Bompiani ha recentemente pubblicato Titoli di coda, il volume che, a detta dello stesso autore, Petros Markaris, chiude l’attività inerente la “Trilogia della crisi” e che, se ancora ce ne fosse il bisogno, sancisce l’enorme importanza di questo scrittore e sceneggiatore greco all’interno non solo del panorama del thriller contemporaneo ma della letteratura europea tutta.
Se è vero che la narrativa di genere, e il giallo in particolare, hanno il merito di fotografare con lucidità la realtà, ecco che Petros Markaris fra tutti è forse stato il fotografo più attento, caustico e incisivo, proprio perché per il tremendo e deprecabile corso dei recenti eventi la “sua” Grecia, più di tantissimi altri Paesi, ha pagato duramente e senza nessuno sconto l’attuale crisi economica, e lui non ha mai esitato a far trapelare tutto ciò nei suoi romanzi, regalandoci di volta in volta accurati e disperati quadri di una nazione in ginocchio, che ha pagato fin troppo duramente le assurde esigenze dell’economia contemporanea.
Ora, come enuncia eloquentemente il titolo del romanzo tradotto da A. Di Gregorio, è tempo di tirare le somme e far passare i Titoli di coda, e il bilancio per la Grecia di Markaris, come è facile immaginare, non può essere positivo: la Storia ci ha insegnato che spesso le crisi economiche spianano la strada alla destra più becera, populista e violenta e lo possiamo purtroppo notare anche a casa nostra, figurarsi in Grecia dove Alba Dorata è addirittura entrata in Parlamento.
Cosa collega la morte di un imprenditore, un faccendiere occupato in molte mediazioni d’affari, due imprenditori agricoli e un direttore di una prestigiosa scuola privata? A leggere e dar retta alle rivendicazioni de “I Greci degli Anni Cinquanta” tutte queste persone sono responsabili di avere contribuito in qualche modo alla crisi economica e di aver dissipato nel tempo tutti quelli che erano i valori fondanti della nazione, investendo capitali all’estero, indossando vestiti e guidando macchine straniere e svilendo in un modo o nell’altro l’identità greca in un momento in cui la crisi economica sta già mettendo a durissima prova il fato della nazione.

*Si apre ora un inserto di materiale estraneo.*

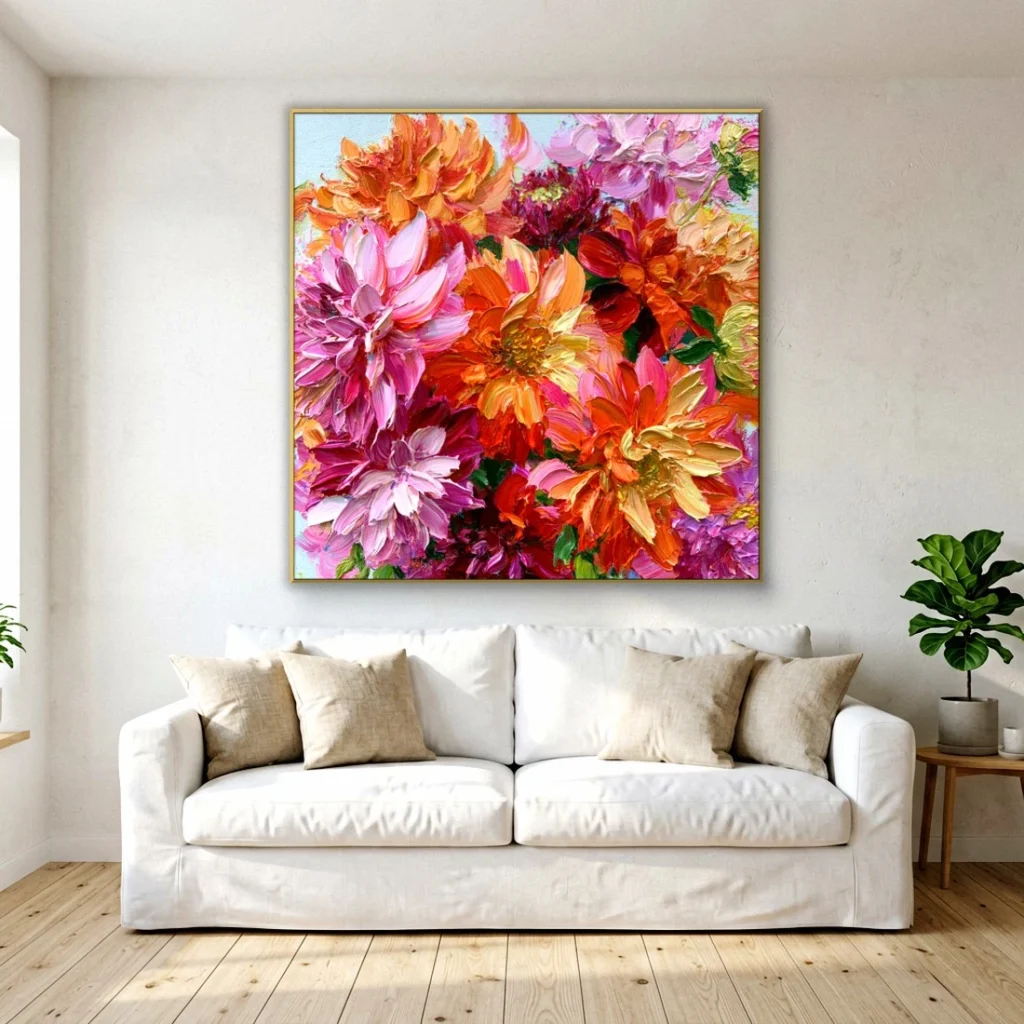 Heavy impasto pink dahlia relief canvas in a bright living room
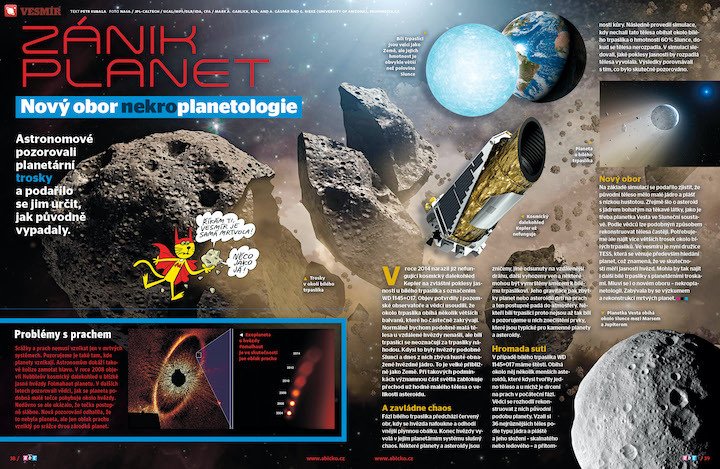 Astronomové pozorovali planetární trosky a podařilo se jim určit, jak původně vypadaly. Víc se dozvíte v časopisu ABC č. 12/2020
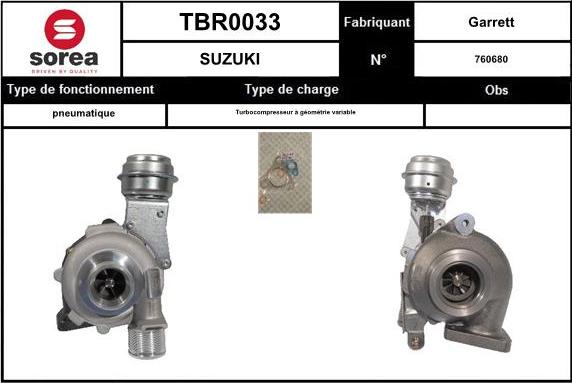 Sera TBR0033 - Турбина, компрессор autospares.lv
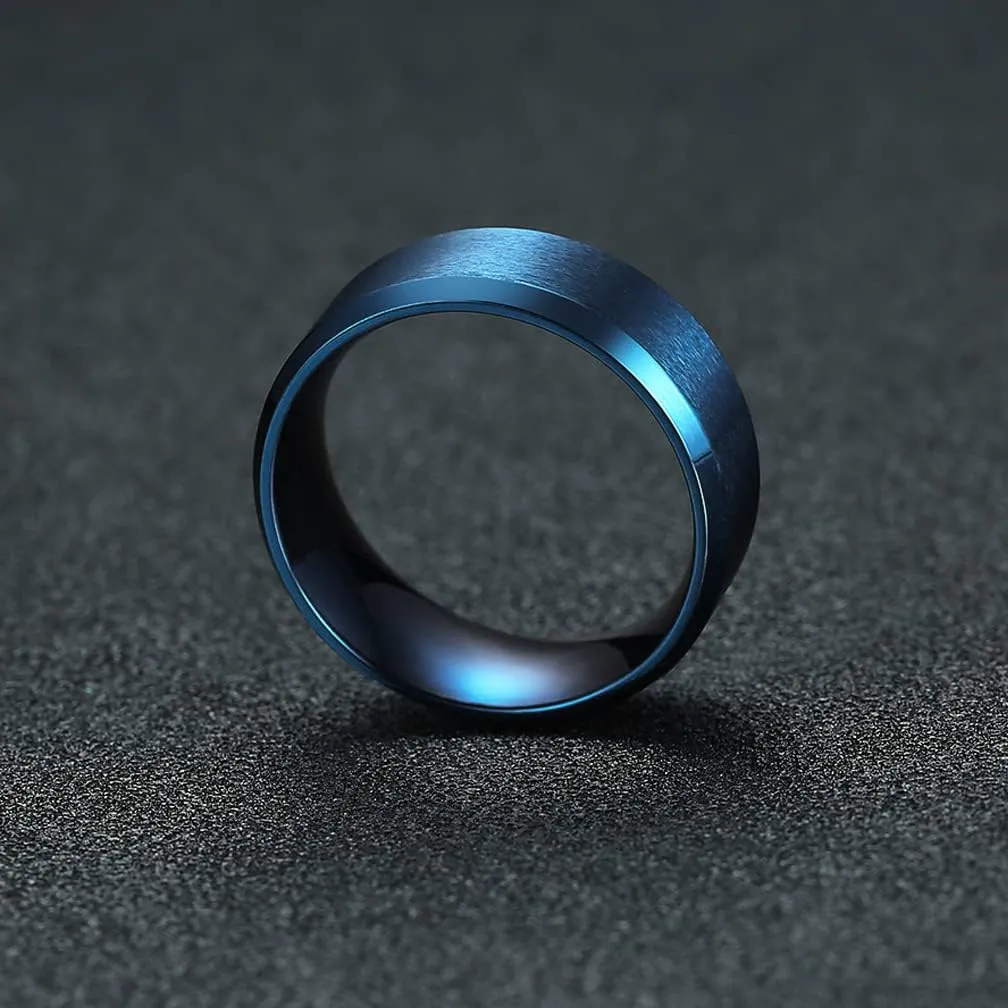 Men's Basic Brushed Matte Ring 4MM 6MM 8MM 10MM Black/Blue/Silver Stainless Steel Rings for Men Women Wedding Engagement Bands Matte Brushed Finish Beveled Polished Edges Comfort Fit Size 5-15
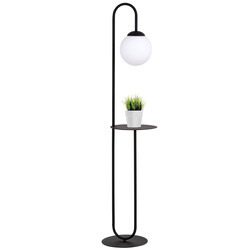 Lampe sur pied et table d'appoint noire avec boule en verre blanc laiteux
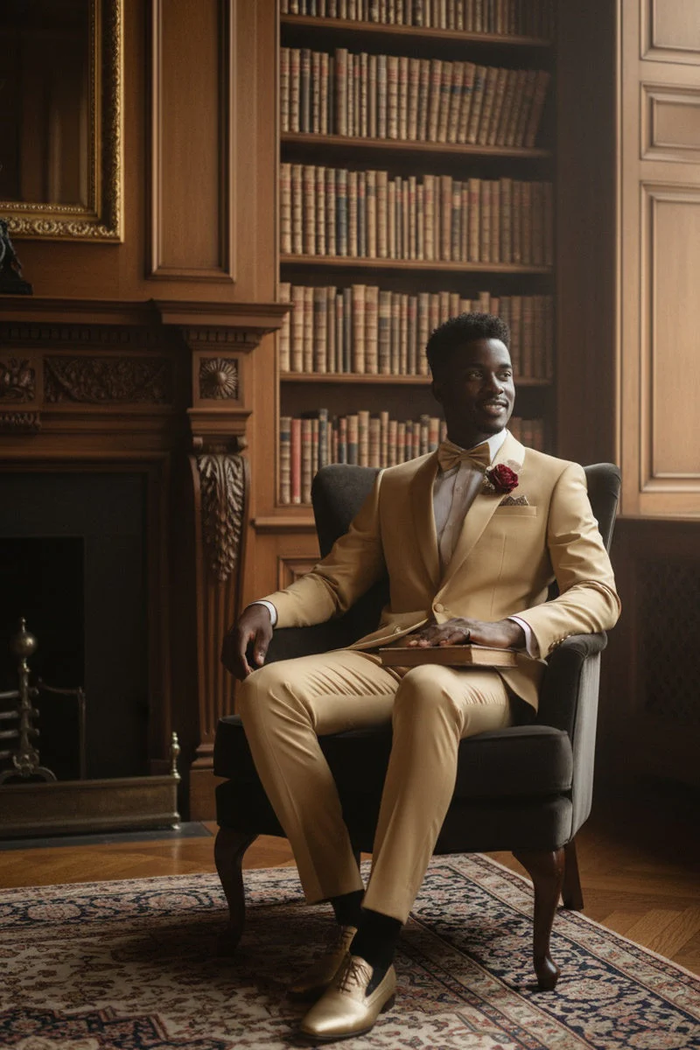 Light Gold Shawl Lapel Tuxedo by Spectrum – Elegant 3-Piece Formal Wear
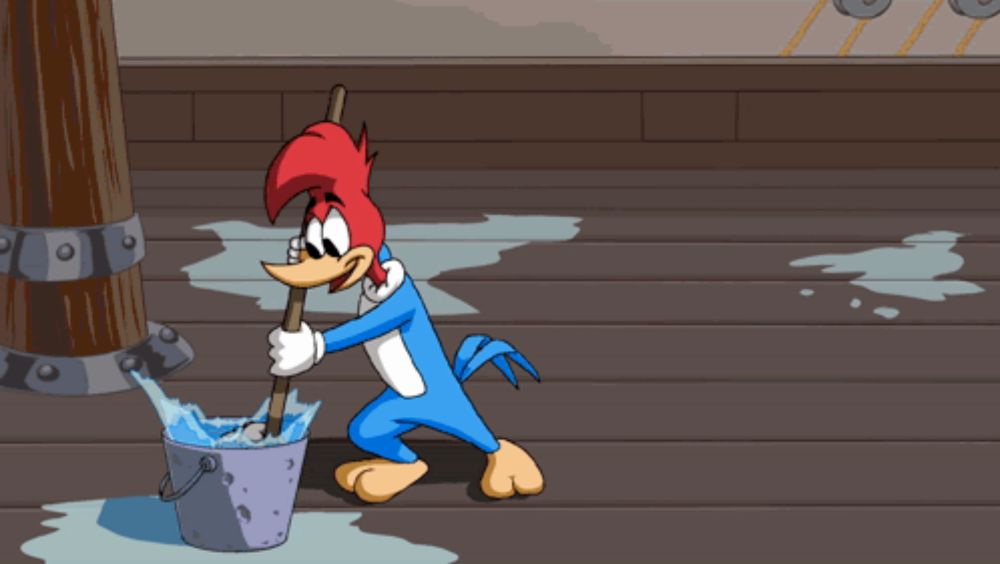 woody woodpecker is cleaning the floor with a mop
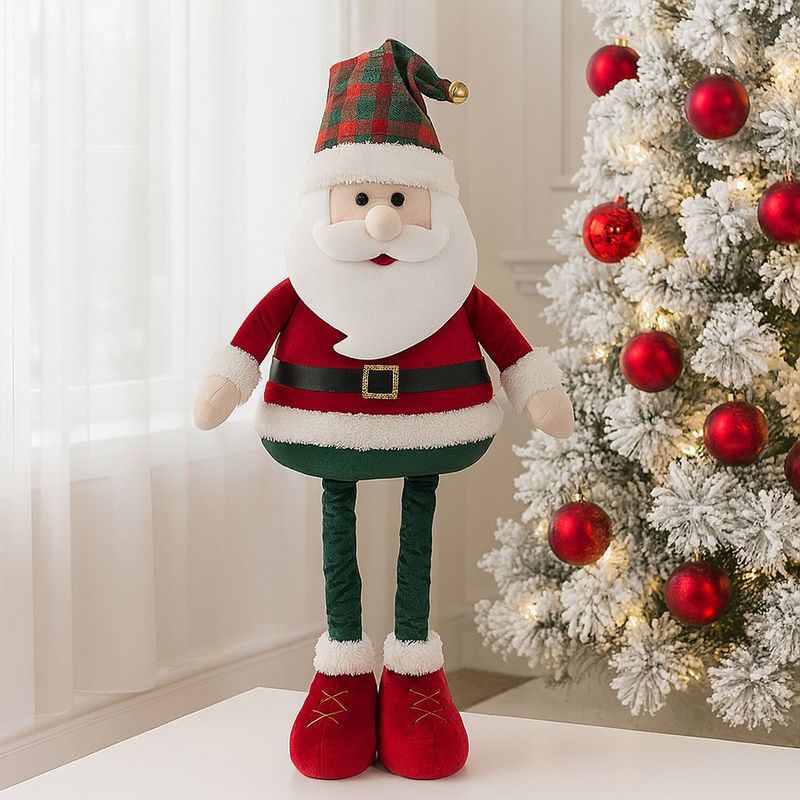 Santa Claus Decorativo con Sombrero a Cuadros y Piernas Largas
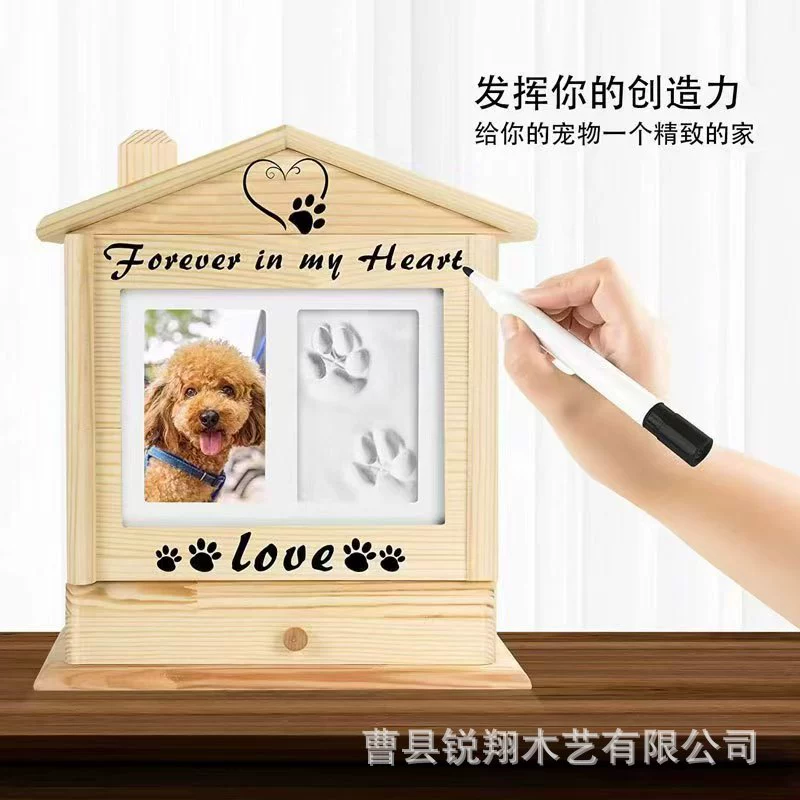 Деревянная урна для животных из массива дерева с фоторамкой, памятная урна для похорон животных, настольная урна для собак
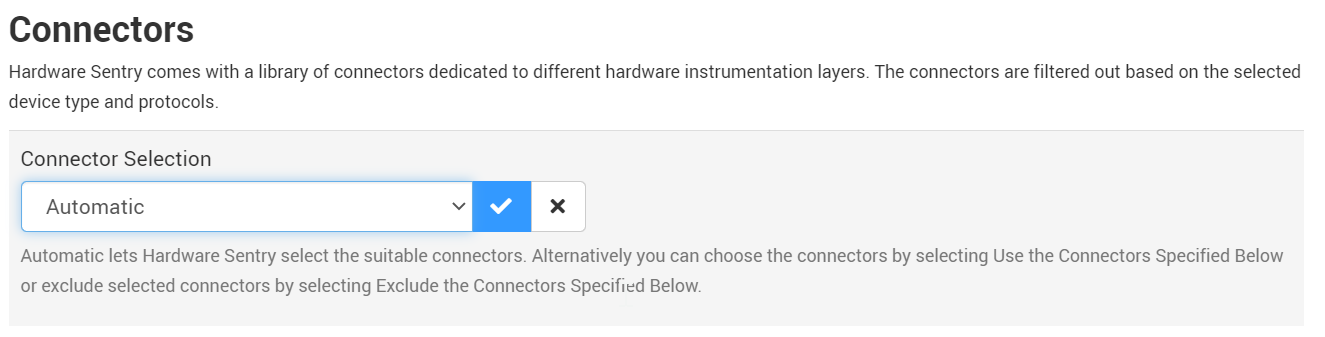 Selecting the automatic connector detection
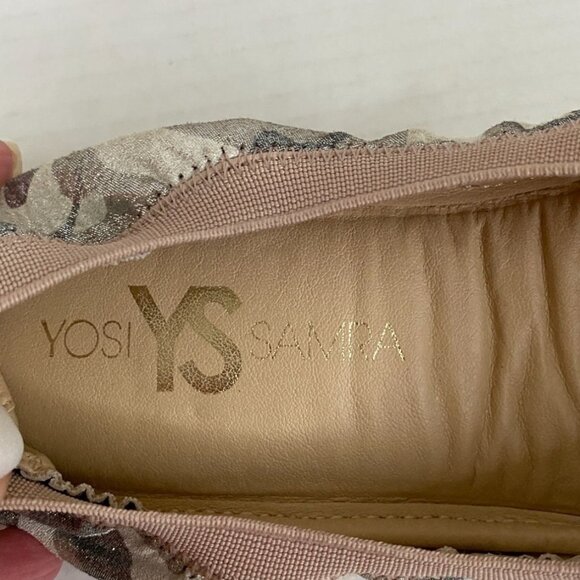 Yosi Samra Foldable Camouflage Metallic Fabric/Leather Sammie Ballet Flats Sz 5 - Picture 2 of 5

Il commissario Charitos dovrà indagare su questa sequenza di omicidi in un momento particolarmente stressante della sua vita privata, proprio quando alcuni membri di Alba Dorata hanno aggredito sua figlia, un avvocato schierato a favore dei diritti degli immigrati.
L’epilogo della “Trilogia della crisi” ci mette di fronte a un Paese devastato, in ginocchio, privo di valori, nel quale la corruzione e l’egoismo sembrano guidare le azioni della maggior parte delle persone.
Il commissario Kostas Charitos, definito da più parti sia come “il fratello greco di Maigret” e “il Montalbano di Atene” torna forse per l’ultima volta, dopo una splendida serie di romanzi, ed è un ritorno amaro che, seppur non privo di speranza, ci offre il quadro di un momento cruciale e drammatico per la Grecia e per l’Europa tutta.
Mai come in Petros Markaris il giallo ha saputo toccare corde insieme così liriche e politiche: leggere le sue opere è sempre un piacere che si trasforma puntualmente in dovere e responsabilità di fronte allo spirito dei tempi.